Ansel Adams – Winter Sunrise, Sierra Nevada from Lone Pine, 1944 – Favorite Photographs 2015 #9

I am starting to realize that I love both pictorialist photography and f/64 photography – and that that’s all right. Ultimately, it is about the picture and what the artist is trying to say with the image.  One of the great aspects of searching out favorites at the end of each year is that I get to type the name “Ansel Adams” into a GOOGLE Image search and visit old friends. There they are all lined up and tweaking my memory with a dash (dopamine blasts) of fondness.
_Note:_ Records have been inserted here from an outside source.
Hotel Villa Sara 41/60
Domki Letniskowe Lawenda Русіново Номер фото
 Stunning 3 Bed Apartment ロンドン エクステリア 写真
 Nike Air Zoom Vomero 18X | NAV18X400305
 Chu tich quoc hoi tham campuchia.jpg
All that fanfare. I would like to name as Favorite Photograph for 2015 # 9 one of my absolute all time Ansel Adams photographs:  Winter Sunrise, Sierra Nevada from Lone Pine, 1944.   As with all of Adams’ work there are lots of copies on the web and the link that I have given you is from Scripps College. I chose it because it has those absolutely luscious sepia, selenium tones that finalize a great Adams print. The appeal of Winter Sunrise to me is that it represents everything that Ansel Adams stood for. It is crystal sharp and its dynamic range – the zone system personified as if it were a religion. Note the detail in both the blacks and whites, the subtle differences between the clouds and the sky.  Then there is the spotlighting of the horse. The horse is, of course, the central figure in the image, but given the grandeur of the mountains it takes a moment or two for you eye to realize that fact. And recognize that the mountains and the horse define the great American West. This was Ansel Adams at the height of his career – as the master of his craft.